Shooting Star candle in combination with Technical Indicators
Since the Shooting Star strategy is a preliminary signal pointing to a likelihood of a bearish reversal, an additional confirmation from other technical indicators is required. The counter-trend approach suggests using oscillators and envelope indicators which might show a reversal signal. For example, if the Shooting Star’s close rate is below the upper line of the Bollinger Bands indicator, while the shadow crossed the resistance level, it’s worth considering short positions as the bullish breakout did not happen. At the same time, if the Relative Strength Index has a bearish divergence, the sell-signal might become more powerful. Another example of using oscillators happens when Stochastic RSI or Williams %R cross the oversold threshold from above. Forex traders should remember, that the Shooting Star Candle could just point to a strong resistance level, but not necessarily a reversal, which has to be confirmed by different combinations of technical indicators in order to improve the efficiency of the trading system.
Profitable Trades with Shooting Star Candles
Here are several examples of profitable entries using the trading system based on Shooting Star Candlesticks.
Shorting EUR/GBP after the confirmed the bearish reversal:
The four-hourly chart has an obvious uptrend of EUR/GBP started on August 2, 2019, after the pair had found a local bottom. At some point, the bullish momentum was exhausted as the bears had an aggressive defence above 0.9000 resistance. The upper shadow of the highlighted candle is much larger than its body, thus the Shooting Star appeared. The next candle was bearish, which confirmed the short entry, while the stop-loss order was set at the highest levels of the previous red candlestick. Profits were taken manually after EUR/GBP went 50 pips in the right direction.
Selling EUR/CHF after Shooting Star appeared on the top of the Bollinger Band with the confirmation from Stochastic RSI:
EUR/CHF was in an uptrend on the 4-hourly chart below. The Shooting Star candle signalled a strong resistance level and closed below the upper line of 55-bars Bollinger Bands. The confirmation came in when Stochastic RSI oscillator went off the overbought zone, while its lines crossed each other. Profits were taken when the oscillator had an opposite signal.
If you like Shooting Star strategy, you might also be interested in this Forex scalping strategy
Advantages and Disadvantages of Strategy
- Easy-to-understand visual trading signal;
- The candle points to a strong resistance level of the recent uptrend;
- If the following candlestick pattern confirmed the retracement, against-the-trend short positions have a high percentage of profitability.
- False signals are possible;
- A confirmation is required from the following candlestick or additional technical indicators, which reduces potential profit.

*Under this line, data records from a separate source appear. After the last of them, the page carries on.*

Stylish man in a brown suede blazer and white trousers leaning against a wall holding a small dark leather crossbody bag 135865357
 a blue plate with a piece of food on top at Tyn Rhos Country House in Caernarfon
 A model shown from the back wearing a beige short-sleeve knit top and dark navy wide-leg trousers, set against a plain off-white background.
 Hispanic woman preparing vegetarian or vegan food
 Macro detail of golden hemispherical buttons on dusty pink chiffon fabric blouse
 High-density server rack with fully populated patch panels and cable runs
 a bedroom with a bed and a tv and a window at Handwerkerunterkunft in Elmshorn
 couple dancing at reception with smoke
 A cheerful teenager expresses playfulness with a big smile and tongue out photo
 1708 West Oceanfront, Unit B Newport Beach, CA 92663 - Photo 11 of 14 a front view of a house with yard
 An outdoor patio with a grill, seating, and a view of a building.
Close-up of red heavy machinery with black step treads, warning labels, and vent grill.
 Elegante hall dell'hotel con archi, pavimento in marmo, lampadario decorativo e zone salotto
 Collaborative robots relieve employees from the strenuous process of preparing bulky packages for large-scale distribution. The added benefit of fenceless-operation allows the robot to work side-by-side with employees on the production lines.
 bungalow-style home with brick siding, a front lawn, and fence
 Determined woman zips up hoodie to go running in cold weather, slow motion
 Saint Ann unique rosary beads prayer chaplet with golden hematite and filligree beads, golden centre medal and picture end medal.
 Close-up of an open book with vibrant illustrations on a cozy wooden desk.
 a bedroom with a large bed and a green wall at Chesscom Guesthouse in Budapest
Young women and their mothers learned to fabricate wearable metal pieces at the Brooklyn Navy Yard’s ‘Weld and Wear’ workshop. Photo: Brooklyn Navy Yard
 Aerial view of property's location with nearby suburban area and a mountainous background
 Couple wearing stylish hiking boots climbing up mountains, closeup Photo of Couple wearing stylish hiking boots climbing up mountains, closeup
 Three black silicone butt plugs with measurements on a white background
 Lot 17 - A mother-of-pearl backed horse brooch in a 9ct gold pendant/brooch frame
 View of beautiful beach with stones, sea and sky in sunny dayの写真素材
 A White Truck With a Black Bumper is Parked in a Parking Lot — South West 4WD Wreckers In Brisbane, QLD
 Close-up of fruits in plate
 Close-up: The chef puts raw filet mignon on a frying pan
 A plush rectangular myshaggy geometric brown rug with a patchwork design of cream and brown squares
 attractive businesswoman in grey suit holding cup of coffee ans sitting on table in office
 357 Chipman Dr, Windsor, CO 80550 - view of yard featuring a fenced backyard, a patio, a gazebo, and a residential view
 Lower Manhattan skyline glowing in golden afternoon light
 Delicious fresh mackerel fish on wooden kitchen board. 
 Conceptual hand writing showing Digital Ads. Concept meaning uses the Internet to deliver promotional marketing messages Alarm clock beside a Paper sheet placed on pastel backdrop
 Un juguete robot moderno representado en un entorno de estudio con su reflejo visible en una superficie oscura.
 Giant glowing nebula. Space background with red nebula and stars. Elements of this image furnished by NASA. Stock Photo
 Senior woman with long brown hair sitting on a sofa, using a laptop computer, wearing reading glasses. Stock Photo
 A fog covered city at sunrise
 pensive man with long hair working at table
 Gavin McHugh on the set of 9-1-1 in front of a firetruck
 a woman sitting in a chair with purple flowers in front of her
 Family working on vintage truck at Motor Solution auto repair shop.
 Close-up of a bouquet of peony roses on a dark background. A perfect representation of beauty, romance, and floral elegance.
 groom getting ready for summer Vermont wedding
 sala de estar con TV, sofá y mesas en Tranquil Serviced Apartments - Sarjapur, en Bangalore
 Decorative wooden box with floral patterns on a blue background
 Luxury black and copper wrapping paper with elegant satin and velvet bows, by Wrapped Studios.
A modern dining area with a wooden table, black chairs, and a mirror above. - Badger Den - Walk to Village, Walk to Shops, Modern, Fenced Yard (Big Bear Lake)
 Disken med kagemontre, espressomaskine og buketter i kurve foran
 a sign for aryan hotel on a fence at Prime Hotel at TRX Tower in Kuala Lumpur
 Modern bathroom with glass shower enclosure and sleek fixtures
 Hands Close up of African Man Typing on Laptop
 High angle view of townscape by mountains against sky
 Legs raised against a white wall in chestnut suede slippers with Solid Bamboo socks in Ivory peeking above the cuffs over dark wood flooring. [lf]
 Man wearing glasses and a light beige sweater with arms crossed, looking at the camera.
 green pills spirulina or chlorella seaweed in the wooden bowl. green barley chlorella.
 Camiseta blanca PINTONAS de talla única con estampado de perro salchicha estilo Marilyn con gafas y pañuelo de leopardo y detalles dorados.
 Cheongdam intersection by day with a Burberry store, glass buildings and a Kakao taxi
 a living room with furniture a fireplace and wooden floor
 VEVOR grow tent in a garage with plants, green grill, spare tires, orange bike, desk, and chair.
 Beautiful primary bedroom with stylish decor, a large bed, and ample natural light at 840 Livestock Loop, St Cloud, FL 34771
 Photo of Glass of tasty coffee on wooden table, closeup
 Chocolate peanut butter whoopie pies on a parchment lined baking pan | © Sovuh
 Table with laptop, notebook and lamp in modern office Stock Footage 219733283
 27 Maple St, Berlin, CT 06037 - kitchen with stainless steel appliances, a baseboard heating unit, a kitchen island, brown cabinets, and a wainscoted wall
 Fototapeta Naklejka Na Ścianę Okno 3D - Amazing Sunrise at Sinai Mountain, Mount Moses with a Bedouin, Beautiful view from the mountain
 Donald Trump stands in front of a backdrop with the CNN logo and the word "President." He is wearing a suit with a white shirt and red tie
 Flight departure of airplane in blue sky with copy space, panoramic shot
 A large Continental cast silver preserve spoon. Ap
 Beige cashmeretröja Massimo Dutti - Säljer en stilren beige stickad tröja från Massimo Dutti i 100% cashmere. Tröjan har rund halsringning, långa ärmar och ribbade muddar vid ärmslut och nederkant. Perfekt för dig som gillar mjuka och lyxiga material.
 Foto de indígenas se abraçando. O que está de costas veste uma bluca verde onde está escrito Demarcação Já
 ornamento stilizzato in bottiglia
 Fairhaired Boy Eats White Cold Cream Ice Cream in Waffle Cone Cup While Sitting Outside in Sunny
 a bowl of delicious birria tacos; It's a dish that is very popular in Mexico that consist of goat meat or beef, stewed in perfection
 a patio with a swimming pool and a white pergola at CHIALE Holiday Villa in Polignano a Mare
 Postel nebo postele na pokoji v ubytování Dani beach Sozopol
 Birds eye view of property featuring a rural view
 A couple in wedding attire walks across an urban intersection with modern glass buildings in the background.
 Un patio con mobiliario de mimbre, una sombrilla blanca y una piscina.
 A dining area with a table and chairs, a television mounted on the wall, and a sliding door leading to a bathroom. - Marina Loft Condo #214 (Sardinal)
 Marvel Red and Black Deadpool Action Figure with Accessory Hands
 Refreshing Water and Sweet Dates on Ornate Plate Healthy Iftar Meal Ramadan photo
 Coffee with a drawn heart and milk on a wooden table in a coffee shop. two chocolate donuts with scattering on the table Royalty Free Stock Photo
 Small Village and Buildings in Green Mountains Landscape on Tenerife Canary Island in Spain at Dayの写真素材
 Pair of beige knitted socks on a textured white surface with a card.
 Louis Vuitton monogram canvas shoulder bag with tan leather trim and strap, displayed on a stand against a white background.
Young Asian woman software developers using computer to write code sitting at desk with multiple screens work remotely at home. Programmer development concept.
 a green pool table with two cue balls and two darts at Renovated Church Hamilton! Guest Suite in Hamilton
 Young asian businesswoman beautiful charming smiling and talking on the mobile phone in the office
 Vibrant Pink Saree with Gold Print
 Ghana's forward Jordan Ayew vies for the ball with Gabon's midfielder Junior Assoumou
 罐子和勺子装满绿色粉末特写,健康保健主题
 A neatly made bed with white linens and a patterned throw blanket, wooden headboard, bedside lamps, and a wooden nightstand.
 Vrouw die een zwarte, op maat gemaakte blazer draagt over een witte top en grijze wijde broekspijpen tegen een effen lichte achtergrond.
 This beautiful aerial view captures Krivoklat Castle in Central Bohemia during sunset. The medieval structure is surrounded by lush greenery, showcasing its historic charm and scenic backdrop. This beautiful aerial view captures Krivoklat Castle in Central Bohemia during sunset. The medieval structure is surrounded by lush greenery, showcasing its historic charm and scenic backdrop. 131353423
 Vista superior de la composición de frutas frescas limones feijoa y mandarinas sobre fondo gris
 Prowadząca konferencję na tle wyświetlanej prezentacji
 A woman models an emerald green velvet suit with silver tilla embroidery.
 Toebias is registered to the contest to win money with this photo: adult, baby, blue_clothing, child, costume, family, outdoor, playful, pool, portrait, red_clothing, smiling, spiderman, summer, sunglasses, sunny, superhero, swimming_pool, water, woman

The Shooting Star candlestick is one of the multiple examples of efficient application of Japanese Patterns. The appearance of the formation points to a strong resistance level and a possible reversal. However, the efficiency of the system depends on several factors such as the context and the previous price action as the reversal comes after a sustainable uptrend only. At the same time, additional confirmations are required as the single-candle pattern might have false signals. Traders should double-check the market’s sentiment either with the following candlestick or additional technical indicators, the signals of which have to coincide with the change of the uptrend. Since the strategy is based on against-the-trend approach, traders should control stop-loss orders and take profits in time.